A few weeks ago, we were again reminded that the clothes we wear carry with them a risk of us unwittingly supporting modern slavery.
The ABC’s Four Corners program exposed a mass internment camp in the Chinese province of Xinjiang, where it is alleged that Uyghurs, a Turkish-speaking Muslim minority group in China, are being detained and forced to work in garment factories which supply some of the world’s largest clothing brands.
With consumers increasingly demanding cheaper products and faster turnarounds, brands are under pressure and pass this onto their suppliers. As a result, some suppliers cut corners by foregoing the necessary social and environmental checks.
Several brands sold in Australia obtain cotton from Xinjiang and following the Four Corners report, some of them have started investigations into the suppliers and factories they use in the province.
Many of these brands immediately started investigations into the suppliers and factories they use in the province.
Unfortunately, the further a company goes down its supply chain the more opaque things become.
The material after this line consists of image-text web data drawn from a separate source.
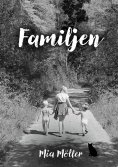 ebook: Familjen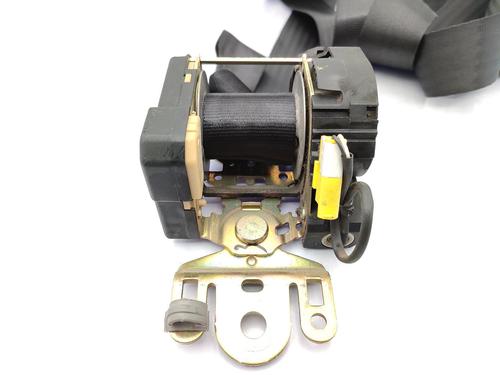 Front right belt tensioner CITROËN JUMPER I Van (244) 2.2 HDi | BP23752170C88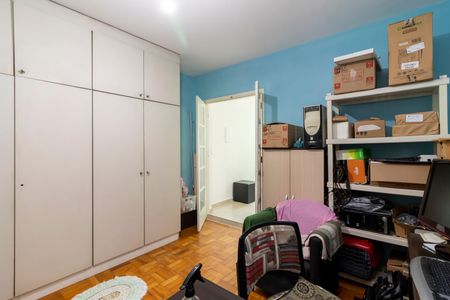 Casa à venda com 190m², 3 quartos e 1 vaga Casa à venda com 190m², 3 quartos e 1 vagaSuíte 3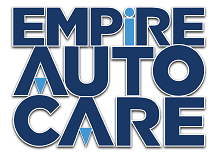 Empire Auto Care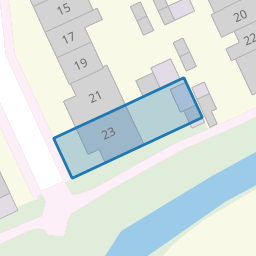 Perceel BSL01-AG-3172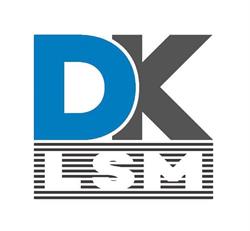 Dom Kultury Lubelskiej Spółdzielni Mieszkaniowej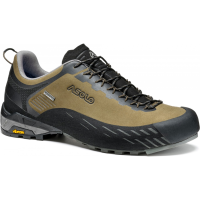 ASOLO Men's Eldo LTH GV Hiking Boots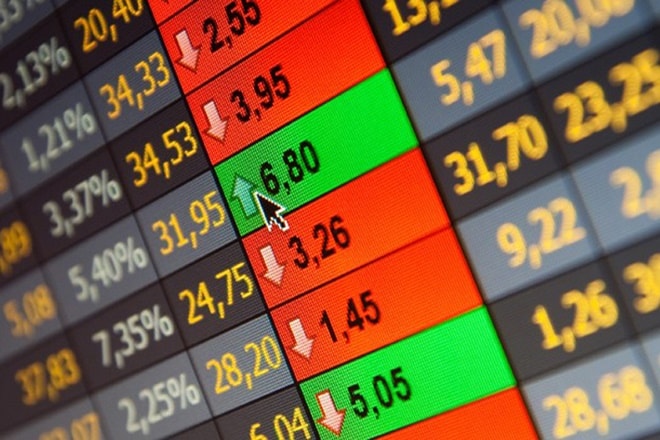benchmark bond, corporate bonds, Reserve Bank of India, market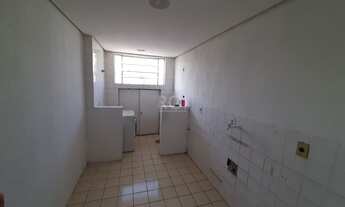 Imagem 5: Porto Alegre - Apartamento Padrão - Alto Petrópolis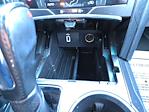2017 Ford Explorer 4WD SUV for sale #4B46728 - photo 22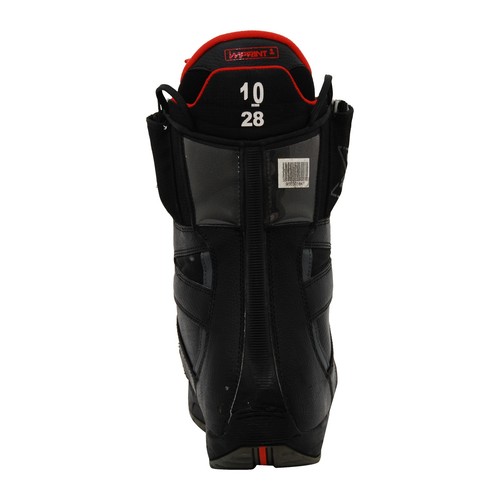 Scarpone snowboard burton - scarpone,
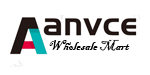 anvce.com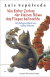 Buchcover von Wie Kater Zorbas der kleinen Möwe das Fliegen beibrachte von Luis Sepúlveda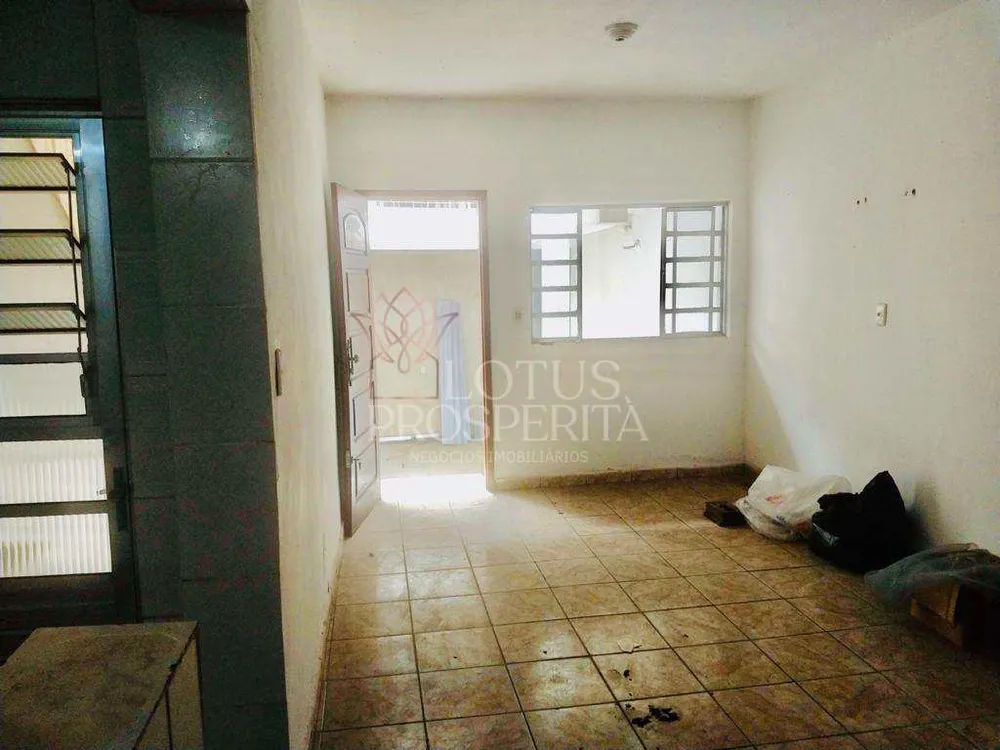 Sobrado, 3 quartos, 124 m² - Foto 13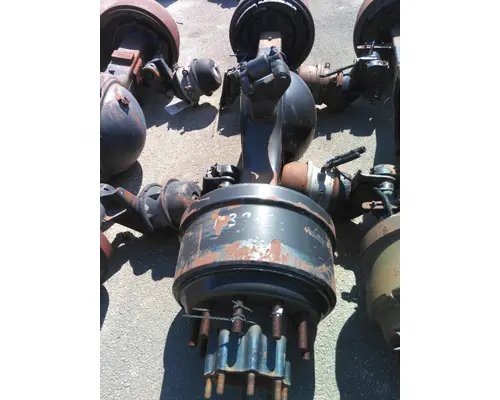 MERITOR-ROCKWELL RSL20145 AXLE HOUSING, REAR (REAR)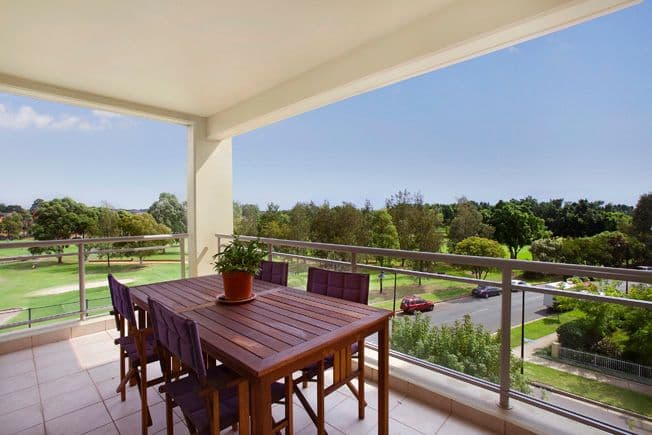 102 William Street, FIVE DOCK NSW 2046, Five Dock - Image 1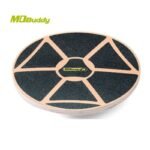 بلنس ديسك  ام بدي اصلي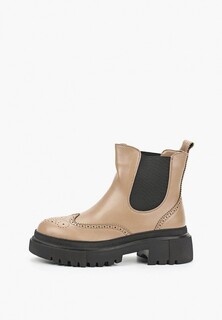 Ботинки Vivian Royal 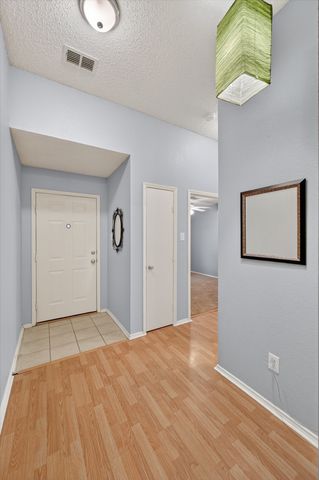 1001 Ridge Top Drive, Burleson, TX 76028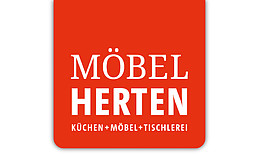 Möbel würselen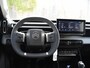 Citroën C3 Max 1.2 Turbo 100pk 17''LM | APPLE-CARPLAY | DAB | NAVI | CRUISE.C | PDC + CAM.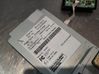 Wireless charging module 861C002010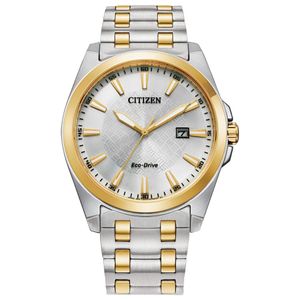 Reloj Citizen BM7534-59A original para hombre en Perú - Jherr Jewelry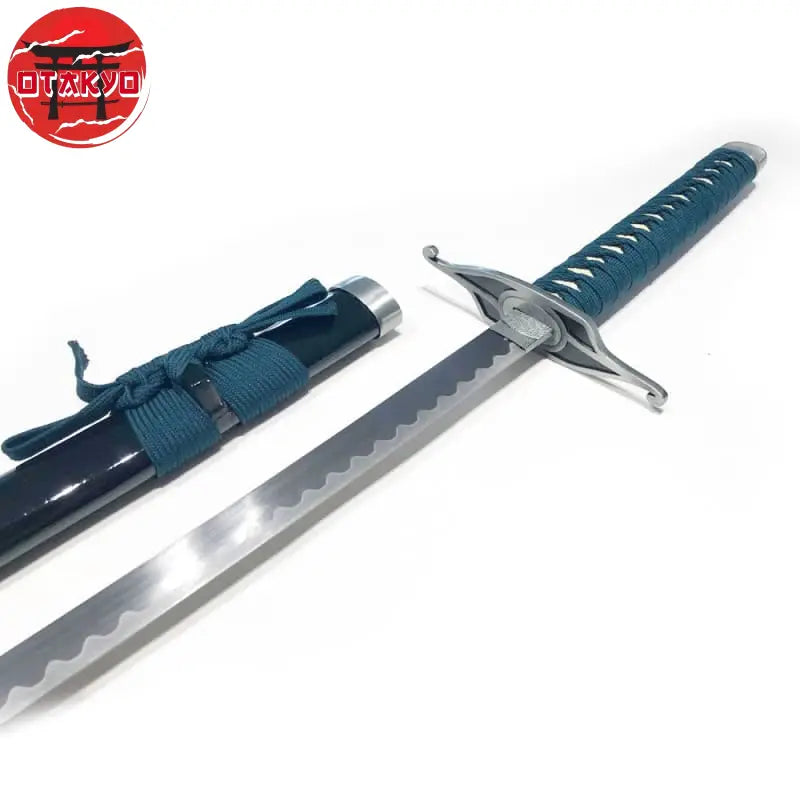 Sword Ulquiorra : Murciélago - Bleach™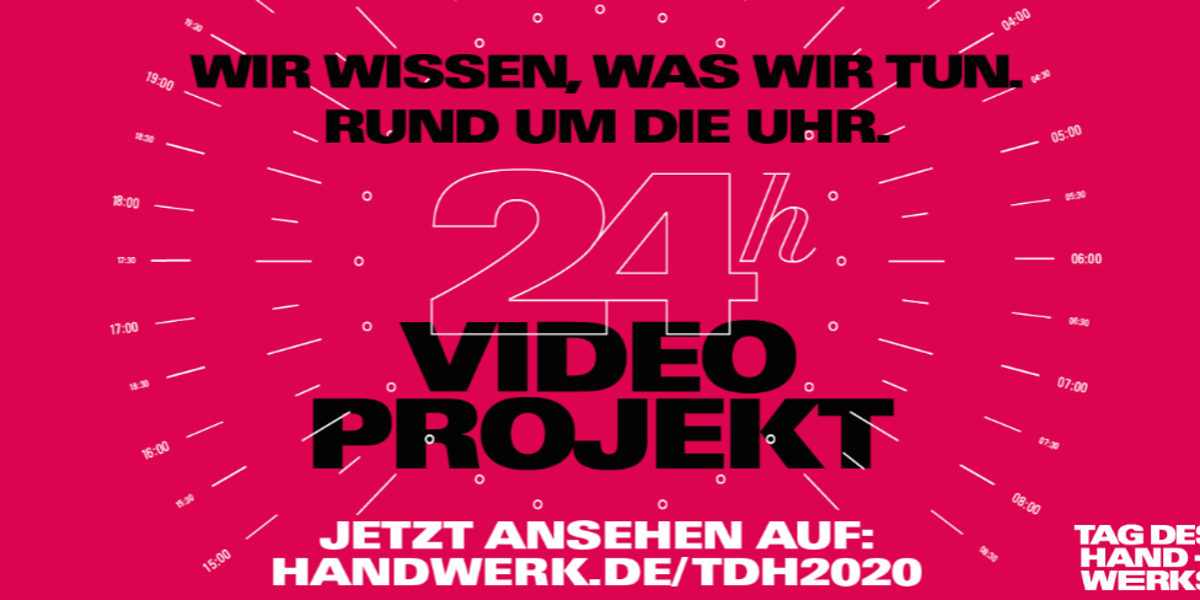 © handwerk.de © handwerk.de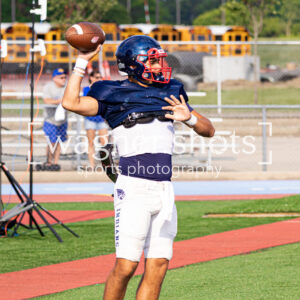 Piqua_Varsity080825_1511
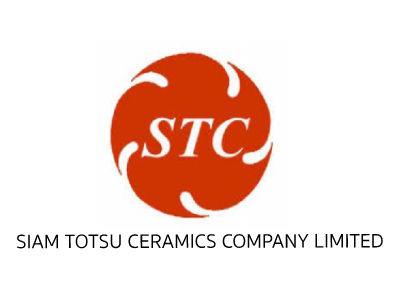 23 stc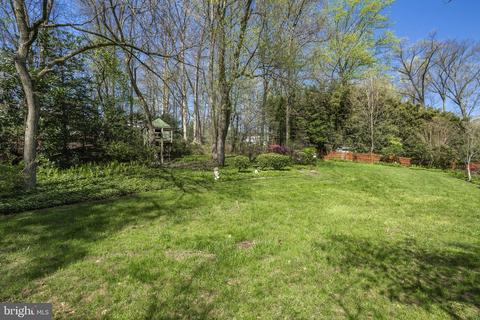 7741 Bridle Path Ln, Mclean, VA 22102 photo 36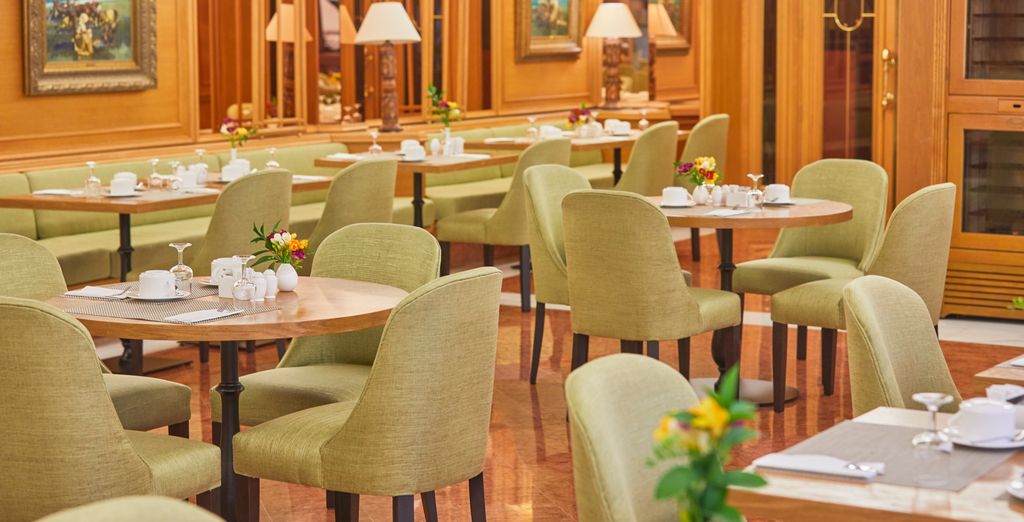 Bordoy Continental Palma 4*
Subcontracting is common for companies in the apparel sector, especially those producing high volumes at a very low cost.
The risks of modern slavery
The International Labour Organisation estimates there are 40.3 million people in modern slavery globally, including 24.9 million in forced labour1.
As we have communicated previously, labour rights abuses and poor working conditions are not only unethical, they also carry significant investment risks over the longer term to brands and business operations.
The Modern Slavery Act, which came into force in Australia last year, requires all businesses with revenues over $100 million to disclose details on the actions they are taking to stamp out modern slavery in their operations and supply chains2.
There are no penalties for failing to comply with the Act, which means it is important that shareholders hold businesses to account and demand they meet their reporting obligations.
Among other things, we have been encouraging companies to:
- Publish a full list of the factories they source from,
- Ensure they have the appropriate internal governance structure to deal with modern slavery risk management,
- Aim to consolidate their supply chain which will allow them more influence and oversight capabilities,
- Train employees to recognise modern slavery, especially those in procurement and supply chain functions and build awareness throughout the organisation,
- Enhance their reporting of suppliers and ethical sourcing to board and management,
- Ensure all their suppliers have the appropriate grievance mechanisms in place so workers can raise issues; and
- Collaborate with other buyers of the same supplier to increase influence.
Lastly, investigations by companies shouldn’t just be focused on modern slavery, businesses should be using the Modern Slavery Act reporting obligations to investigate all forms of social and environmental abuse which may be lurking in their supply chains.